ECLI:NL:RBNNE:2019:1421
Rechtbank Noord-Nederland
- Op tegenspraak
- Rechtspraak.nl
Afwijzing ontnemingsvordering in verband met schuldwitwassen
Op 4 april 2019 heeft de Rechtbank Noord-Nederland, zitting houdende in Assen, uitspraak gedaan in een ontnemingszaak met parketnummer 18/820323-14. De officier van justitie had op 20 september 2017 een vordering ingediend tot ontneming van wederrechtelijk verkregen voordeel, waarbij een bedrag van € 158.756,- werd gevorderd. Deze vordering was gebaseerd op het feit dat de veroordeelde, die eerder was veroordeeld voor schuldwitwassen, haar bankrekening ter beschikking had gesteld aan een medeverdachte voor het ontvangen van opbrengsten uit witwassen.
Tijdens de behandeling op 21 maart 2019 is de veroordeelde gehoord. Zij verklaarde dat zij geen voordeel had genoten van de misdrijven van de medeverdachte en dat zij alle opbrengsten had afgestaan. De rechtbank heeft de bewijsmiddelen en het verhandelde ter terechtzitting zorgvuldig gewogen. Hoewel het niet onaannemelijk was dat de veroordeelde had meegeprofiteerd van de verkoopopbrengsten, was er onvoldoende bewijs dat zij daadwerkelijk wederrechtelijk voordeel had verkregen.

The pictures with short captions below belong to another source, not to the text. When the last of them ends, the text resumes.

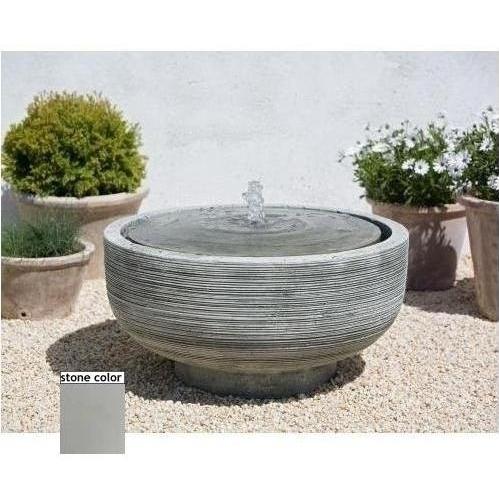Campania Girona Fountain - Natural Finish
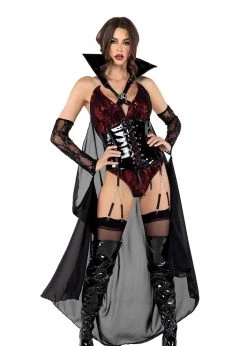 Roma Costume Halloween PB115 - 2pc Playboy Vampire
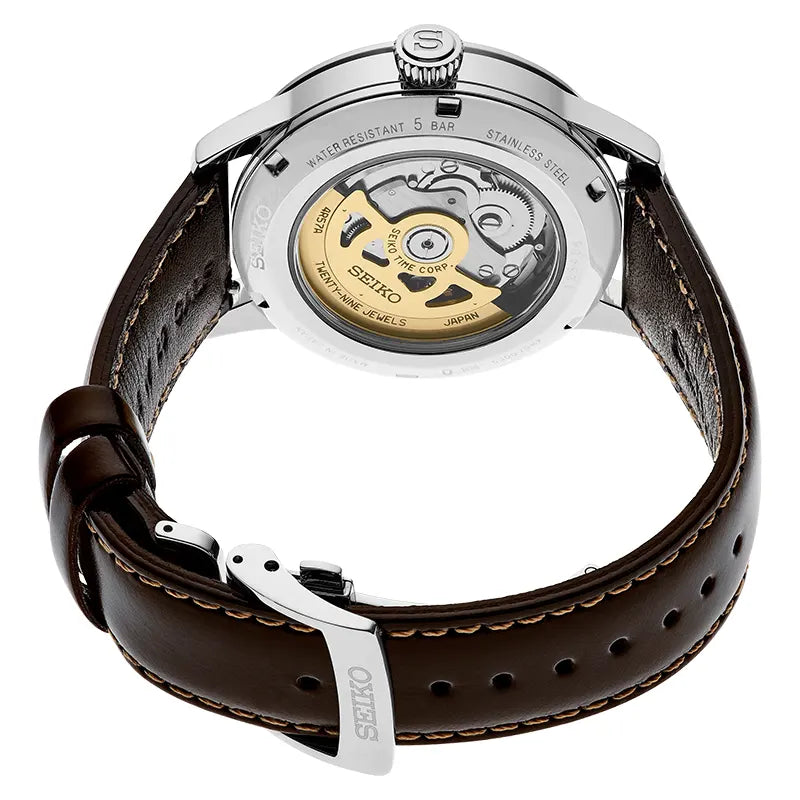 Seiko Presage Cocktail Time ‘Midnight Mockingbird’ Power Indicator Men's Watch- SSA459J1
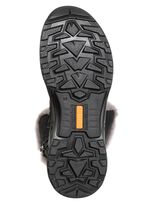 Gef&uuml;tterte Damen-Boots, Winterschuhe, Weite H, mit Reissverschluss SCHWARZ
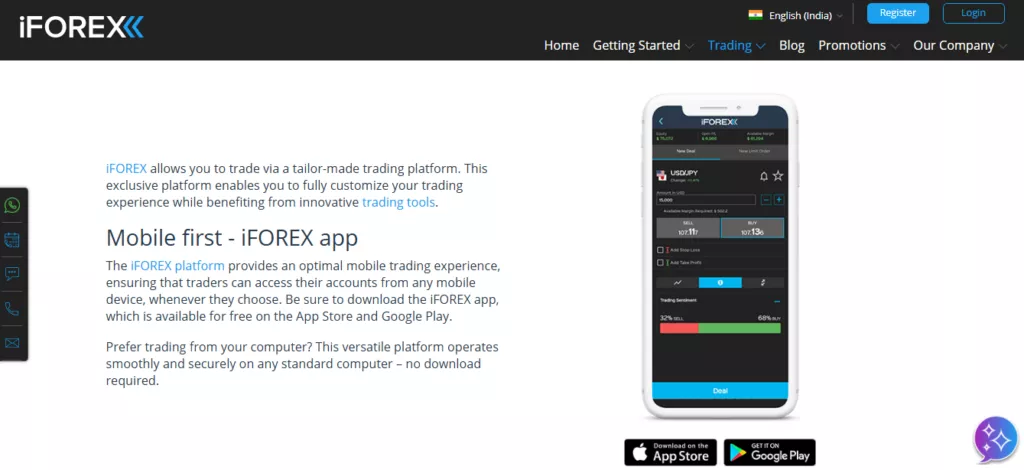 iFOREX Proprietary Trading Platform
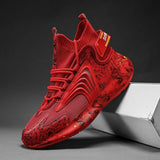 Graffiti Sport Shoes Designer Sneakers Good Quality Breathable Men Running Shoes Chunky Shoes Cushioning Jogging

De rechtbank heeft daarom de vordering van de officier van justitie afgewezen, omdat niet was aangetoond dat de veroordeelde voordeel had genoten van de ten laste gelegde feiten. De uitspraak is gedaan door een meervoudige kamer, bestaande uit de voorzitter en twee rechters, en is openbaar uitgesproken op dezelfde dag.